SALT Limitation partial work around

Ref: CA Assembly Bill 150 (IRS approval via IRS Notice 2020-75)

IMPORTANT: THIS ONLY APPLIES TO CALIFORNIA INDIVIDUALS WHOSE BUSINESS IS USING A PASS-THROUGH ENTITY SUCH AS AN S CORPORATION, PARTNERSHIP OR LLC.

Executive summary:

  1. State and local tax deduction (SALT) is limited to $10,000 on the federal return itemized deduction. This effectively means that the state income tax paid via the taxpayer’s W2 is not a federal deduction.
  2. If the election is made on the entity return, the entity pays tax on behalf of the shareholder/owner/partner (s/h) equal to 9.3% of the net income from the entity.
  3. The s/h reduces CA income tax withholding on his/her W2 by the same amount.
  4. The federal net income on Form K-1 is reduced the the amount paid to the state, effectively providing a deduction.
  5. The s/h receives a state credit on his/her individual return for the amount paid on his/her behalf. This credit is NOT REFUNDABLE, but can be carried forward five years.

When is the DUE DATE of the payment?

  1. For 2021 calendar year entity: March 15, 2022.
  2. For 2022 through 2025: Greater of $1,000 or 50% of the prior amount due 6/15 of the following year and remainder by the March 15 filing date. (If this date is missed, the entity cannot use this election for that year).

IMPORTANT: For cash-basis individual shareholders (and most are)… THE ABOVE DUE DATES IN ITEMS 1 & 2 ABOVE WOULD CHANGE TO DECEMBER 31, 2021 AND DECEMBER 31, 2022 RESPECTIVELY (not March 15).

Business food 2021 / 2022

Source: Consolidated Appropriations Act, 2021. PL 116-260.

100% business deduction for food from restaurant.

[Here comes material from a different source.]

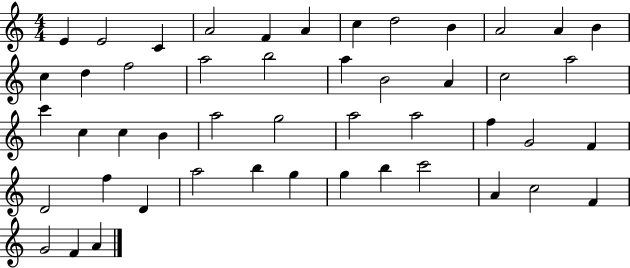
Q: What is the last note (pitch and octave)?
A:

For 2021 and 2022, to help the restaurant industry, Congress has removed the 50% limitation for business meals from a restaurant. Restaurant is defined as a business that prepares and sells food or beverages to retail customers for immediate consumption, regardless of whether the food or beverages are consumed on the business’s premises.

Restaurants are not:

  1. grocery, beer, wine or liquor store
  2. vending machine or kiosk
  3. an eating facility located on the employer’s business premises

THE ABOVE CONTINUE TO RECEIVE THE 50% DEDUCTION ‘HAIRCUT.’

In your accounting records for 2021/2022 it will be important that you specifically segregate business food that is not from a restaurant and continues to be subject to the 50% rule.